Work instructions:
From the entries below, transcribe exactly the lines between the line holding "Bouchon de vidange" and the line holding "f:id:nekohana7:20190330194122p:plain", inclusive; skip all other lines.

Data supplied:
┌────────

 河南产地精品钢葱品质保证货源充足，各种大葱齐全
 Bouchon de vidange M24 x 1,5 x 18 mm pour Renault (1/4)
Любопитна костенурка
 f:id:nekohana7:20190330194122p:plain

└────────
┌────────

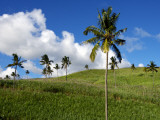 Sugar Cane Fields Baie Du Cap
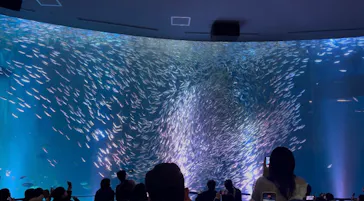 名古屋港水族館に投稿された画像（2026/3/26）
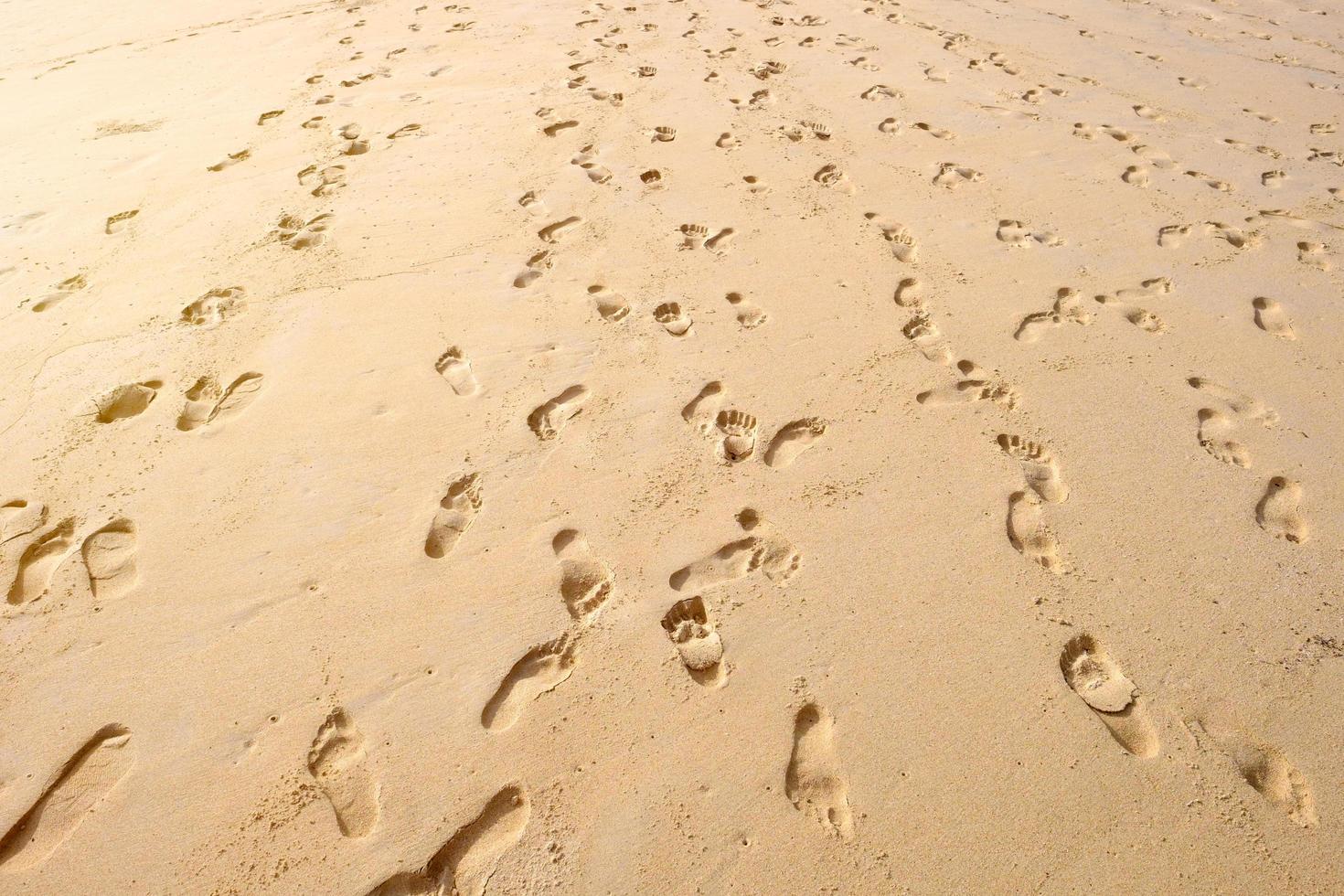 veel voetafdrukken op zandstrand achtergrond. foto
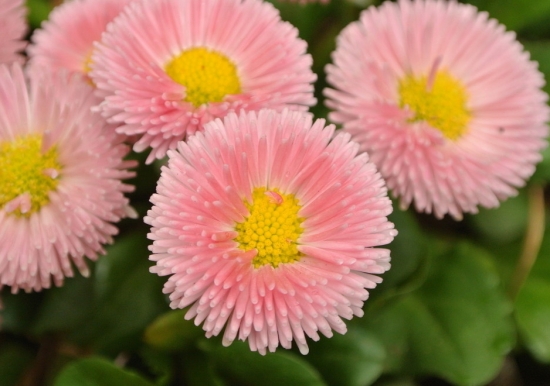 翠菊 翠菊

└────────
┌────────

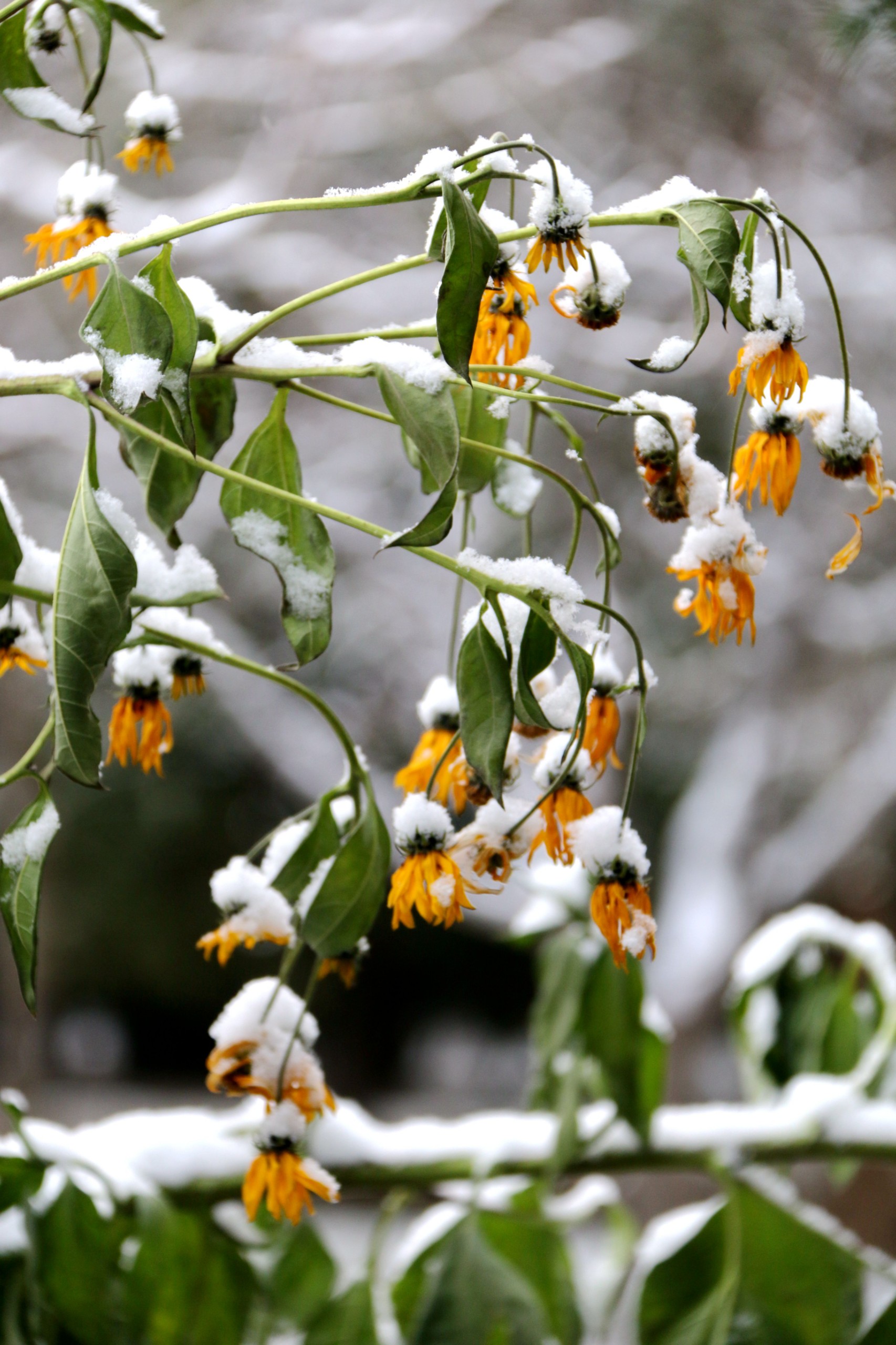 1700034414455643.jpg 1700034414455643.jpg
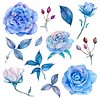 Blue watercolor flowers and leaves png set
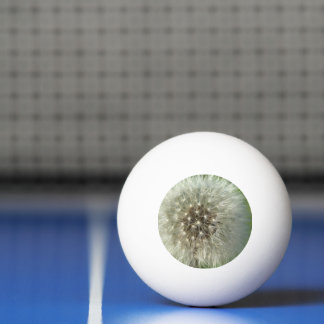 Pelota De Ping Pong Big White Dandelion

└────────

Task response:
 Bouchon de vidange M24 x 1,5 x 18 mm pour Renault (1/4)
Любопитна костенурка
 f:id:nekohana7:20190330194122p:plain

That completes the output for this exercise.